> Problem details
From the material below, please set down exactly the lines starting with the one with "Ameriški hladilnik HOOVER" and going on through the one with "B&B Le Palme Ameglia Exteriér fotografie", without a single picture.

> Extracted material
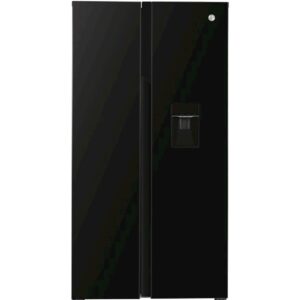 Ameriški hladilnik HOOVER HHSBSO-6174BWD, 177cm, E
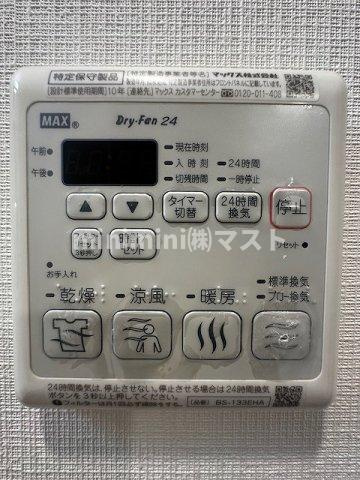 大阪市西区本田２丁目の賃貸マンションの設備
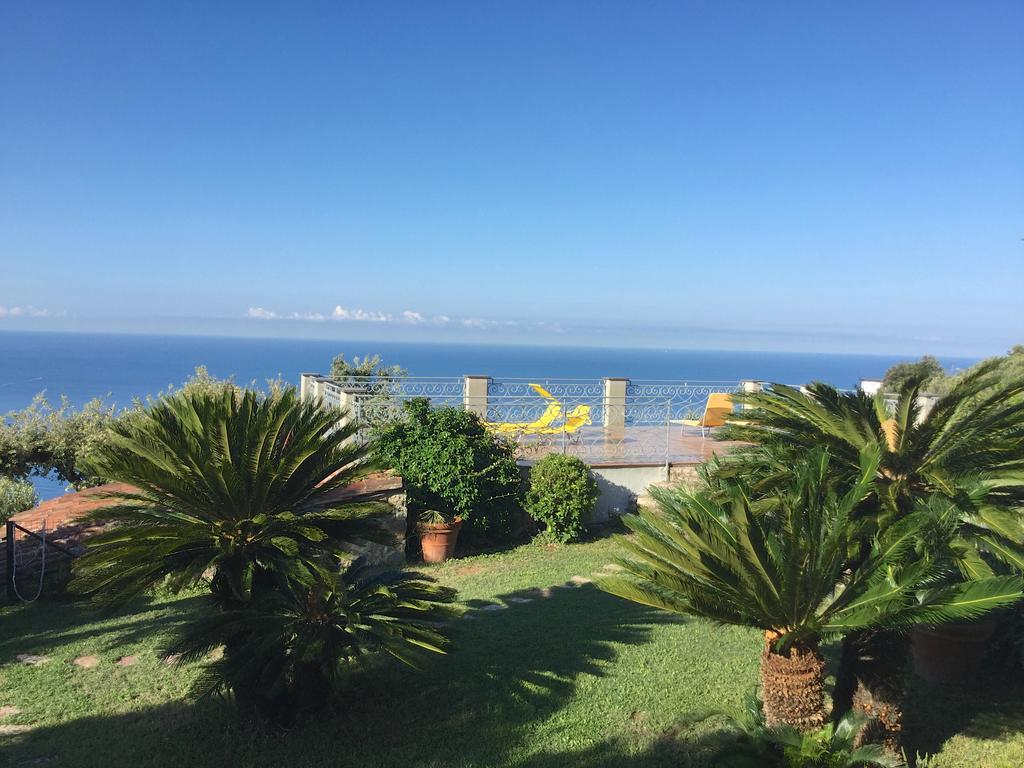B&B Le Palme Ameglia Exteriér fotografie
* * *
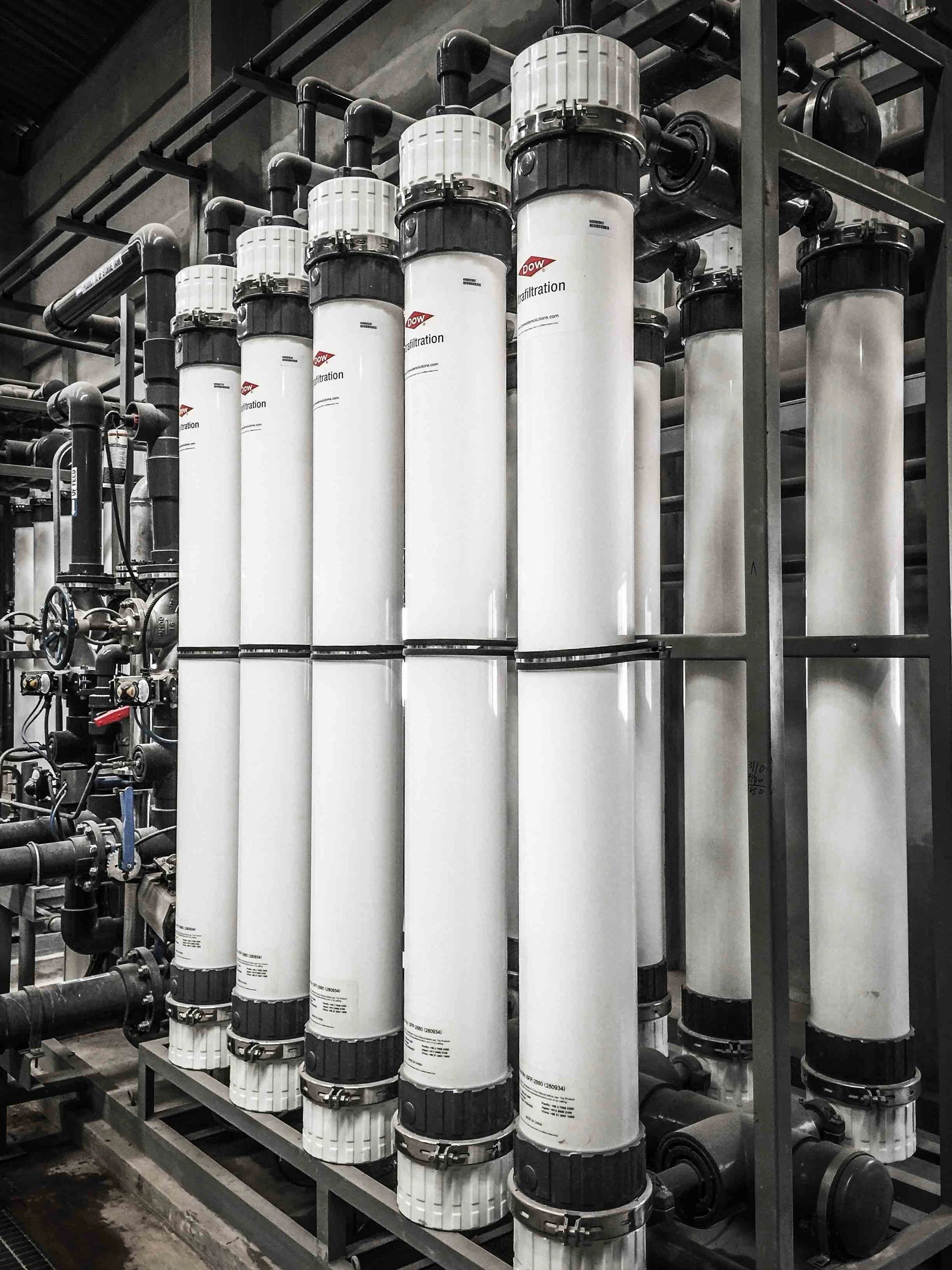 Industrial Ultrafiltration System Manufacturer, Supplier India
--
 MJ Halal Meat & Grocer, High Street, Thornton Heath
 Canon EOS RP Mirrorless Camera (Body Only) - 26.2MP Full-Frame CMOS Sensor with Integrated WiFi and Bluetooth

> Response to this exercise
 Ameriški hladilnik HOOVER HHSBSO-6174BWD, 177cm, E
 大阪市西区本田２丁目の賃貸マンションの設備
B&B Le Palme Ameglia Exteriér fotografie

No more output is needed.